Works of Art in public collections – philanthropy at a price – Part 2

We recently had the opportunity to visit St. Petersburg where our daughter is currently studying Russian as part of a languages course at Birmingham University. Needless to say we had a fascinating time.

One of the highlights for me was the day spent at the Hermitage Museum. The enormity of the Winter Palace and its collection beggar belief; and despite spending five hours there we left feeling that we had barely scratched the surface.

Retrospectively I found myself musing on the insurance implications of such a vast and wide-ranging collection; and one of such incredible quality. Who does their insurance valuation(s)? Do they insure everything, and if so how can they possibly afford the insurance premiums? (Please note that this is not an offer to carry out the work. My feet are sufficiently well-grounded to be aware of my limitations).

Nearer home however, and rather more prosaically, these very same thorny questions appear to have been raised at Bradford where the Council has been accused of underestimating the value of its art collection by millions of pounds: the authority had been insuring its 4,000 item collection for £20 million but a new valuation has found that 195 pieces alone were worth more than £30 million. The council has said it is in “on-going discussion” about the true valuation and insurance cover after auditors flagged it up as a “key concern”.

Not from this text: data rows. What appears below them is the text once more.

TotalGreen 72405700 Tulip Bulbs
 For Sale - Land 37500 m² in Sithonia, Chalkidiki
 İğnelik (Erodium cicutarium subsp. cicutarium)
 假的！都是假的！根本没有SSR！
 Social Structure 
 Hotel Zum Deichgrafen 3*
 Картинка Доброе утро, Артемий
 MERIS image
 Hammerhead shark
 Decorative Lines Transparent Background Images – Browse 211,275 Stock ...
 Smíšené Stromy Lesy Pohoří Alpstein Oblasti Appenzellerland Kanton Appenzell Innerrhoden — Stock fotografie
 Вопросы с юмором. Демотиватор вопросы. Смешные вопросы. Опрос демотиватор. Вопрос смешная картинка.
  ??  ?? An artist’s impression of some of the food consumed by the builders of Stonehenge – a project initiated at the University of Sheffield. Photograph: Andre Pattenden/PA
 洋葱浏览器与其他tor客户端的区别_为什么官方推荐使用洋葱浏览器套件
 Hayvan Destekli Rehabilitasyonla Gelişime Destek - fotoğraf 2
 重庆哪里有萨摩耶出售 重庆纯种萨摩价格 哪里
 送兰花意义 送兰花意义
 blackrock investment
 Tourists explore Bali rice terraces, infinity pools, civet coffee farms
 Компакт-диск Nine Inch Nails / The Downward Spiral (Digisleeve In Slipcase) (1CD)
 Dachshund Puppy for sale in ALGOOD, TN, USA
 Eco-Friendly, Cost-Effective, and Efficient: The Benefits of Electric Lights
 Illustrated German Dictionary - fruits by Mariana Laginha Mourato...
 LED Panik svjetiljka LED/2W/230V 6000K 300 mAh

Opposition parties have now called for some art to be sold to fund services. Glen Miller, leader of the Conservatives, said: “Bradford Council’s debt is £631m, we’re paying interest on that alone of £31m. We don’t need to sell it [artwork] all off but if it’s been purchased with taxpayers’ money we need to look at using revenue from that.”

Jeanette Sunderland, the Liberal Democrat leader, said “times were really difficult in Bradford” and the council needed to look at whether it was getting “best value for money”.

The authority’s leader Dave Green said selling off the artwork would be detrimental to the city’s “cultural and historical legacy”.

One suspects that this is one story that could run and run.